■ **TASK OBJECTIVE**
Leave out the images and repeat every entry below exactly.

■ **Data excerpts**
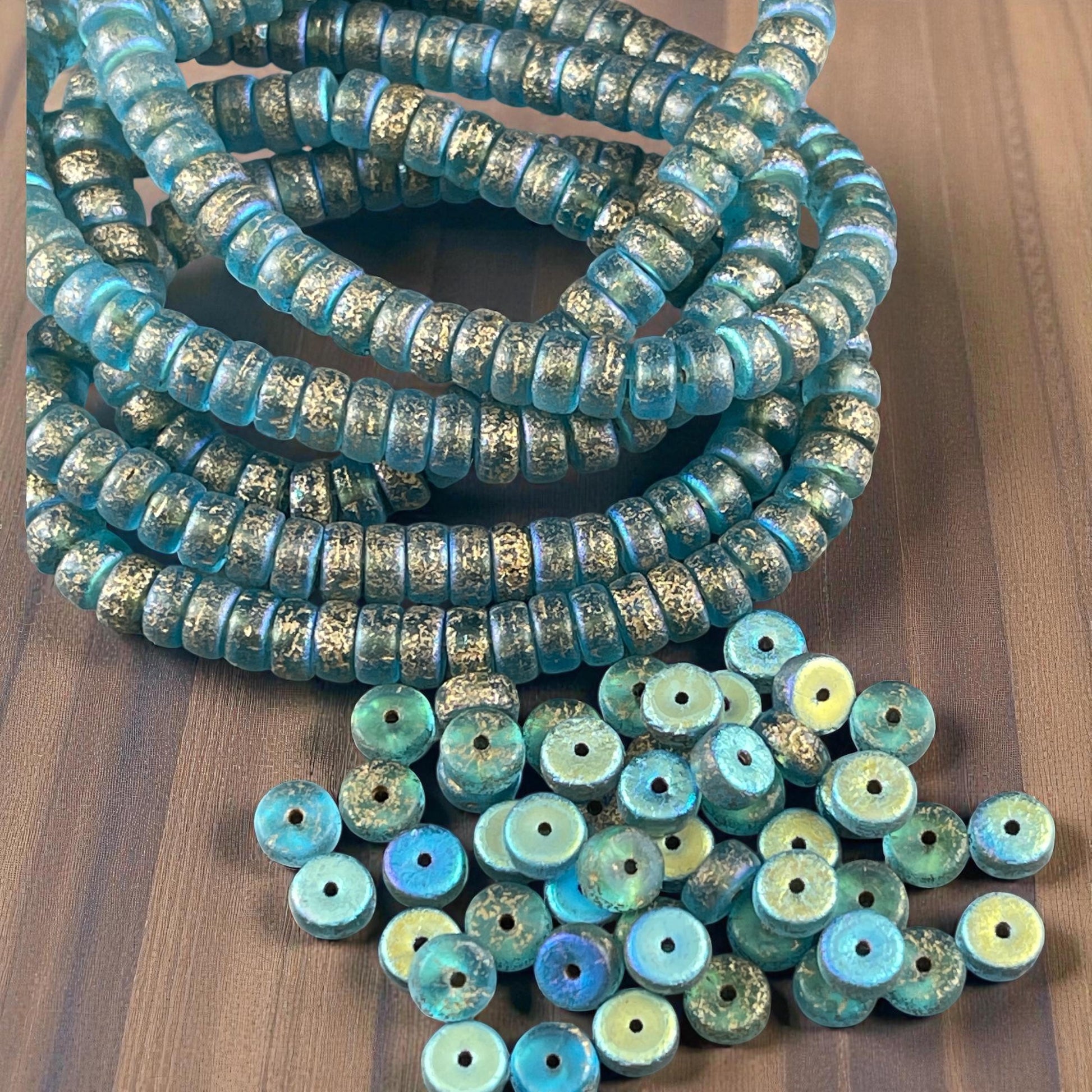 Czech Glass Beads, 6mm Heishi, Etched Aqua Blue with AB and Gold Wash (HSH/N-1939) * 50 Beads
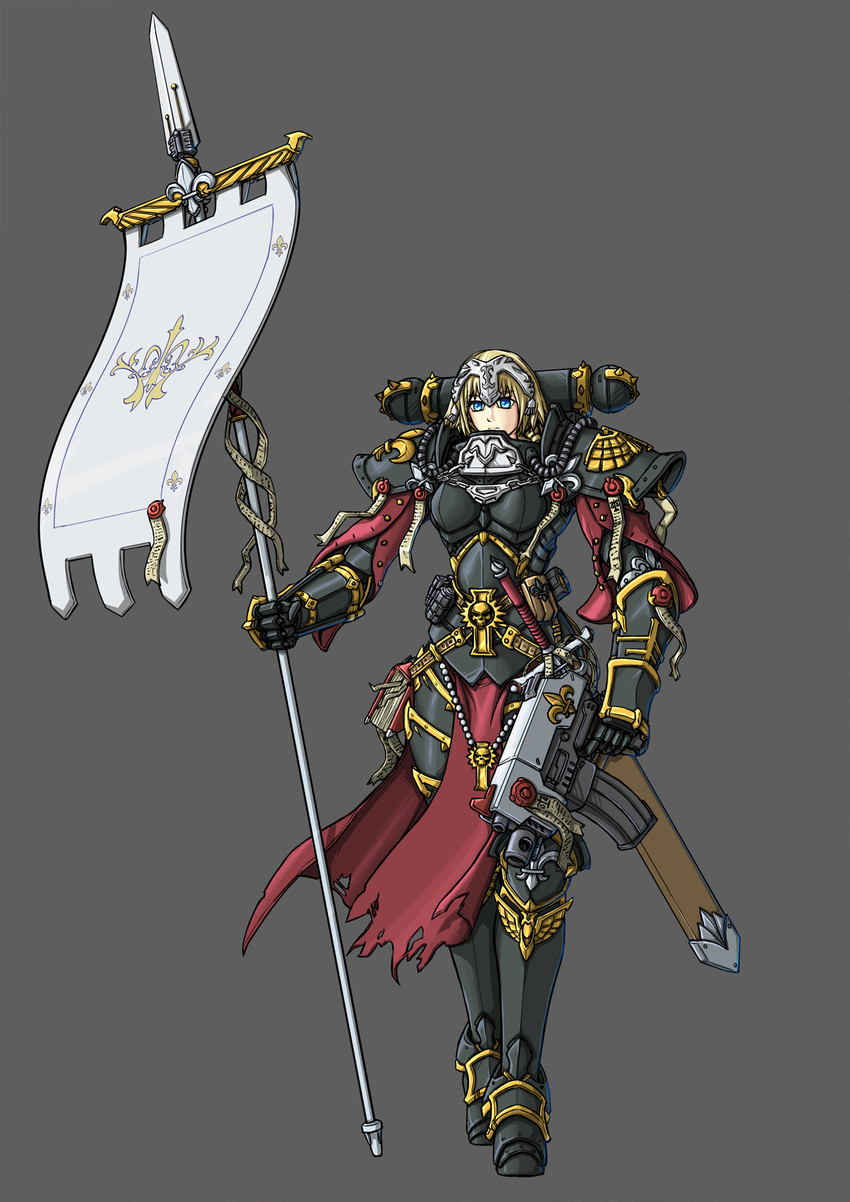 jeanne d'arc and adepta sororitas (fate and 2 more) drawn by l343558977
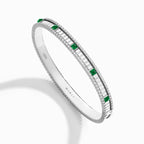 LIFE Diamond Hinged Bangle White Gold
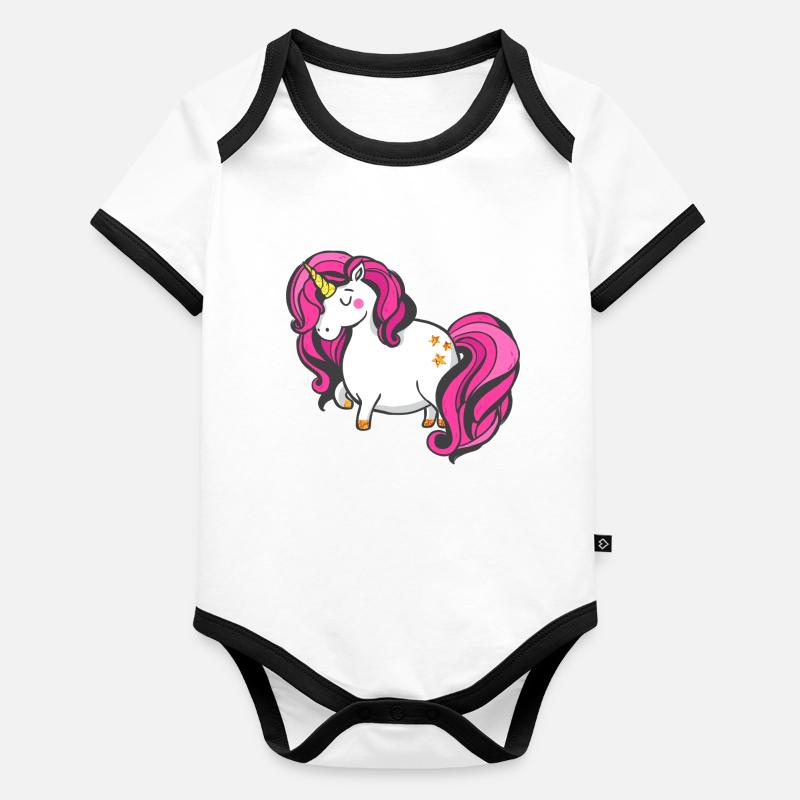 Einhorn Unicorn Geschenk Mädchen Tochter Glitzer Baby Bio-Kurzarm-Kontrastbody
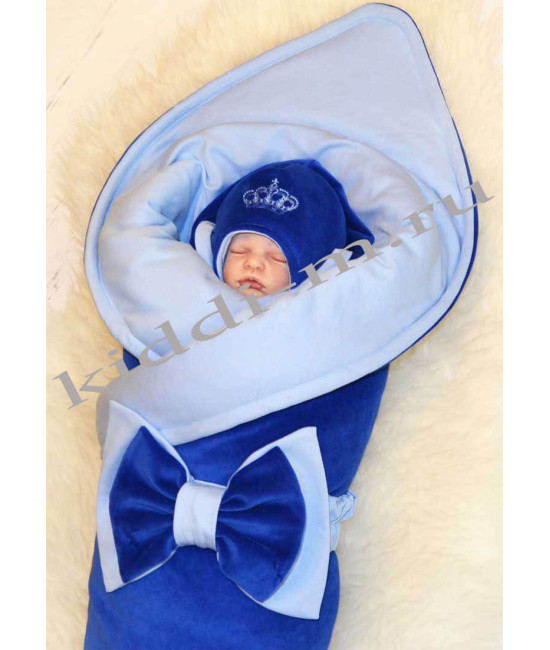 Комплект на выписку для новорожденного Picolita Роскошь синий-голубой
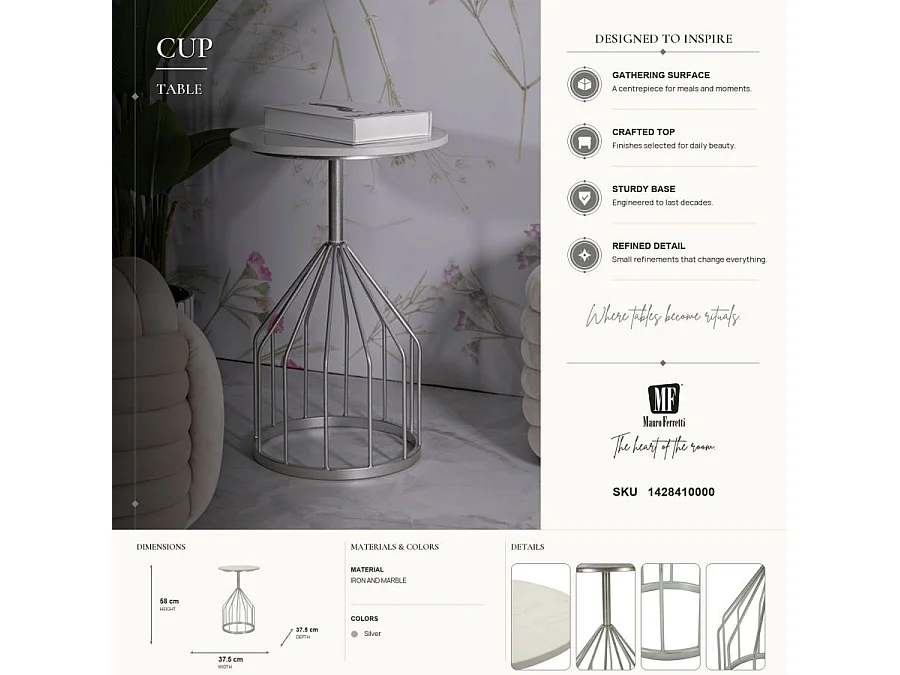 Table d'Appoint en Marbre "Cup" 58cm Argent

■ **RESPONSE AREA**
 Czech Glass Beads, 6mm Heishi, Etched Aqua Blue with AB and Gold Wash (HSH/N-1939) * 50 Beads
 jeanne d'arc and adepta sororitas (fate and 2 more) drawn by l343558977
 LIFE Diamond Hinged Bangle White Gold
 Einhorn Unicorn Geschenk Mädchen Tochter Glitzer Baby Bio-Kurzarm-Kontrastbody
 Комплект на выписку для новорожденного Picolita Роскошь синий-голубой
 Table d'Appoint en Marbre "Cup" 58cm Argent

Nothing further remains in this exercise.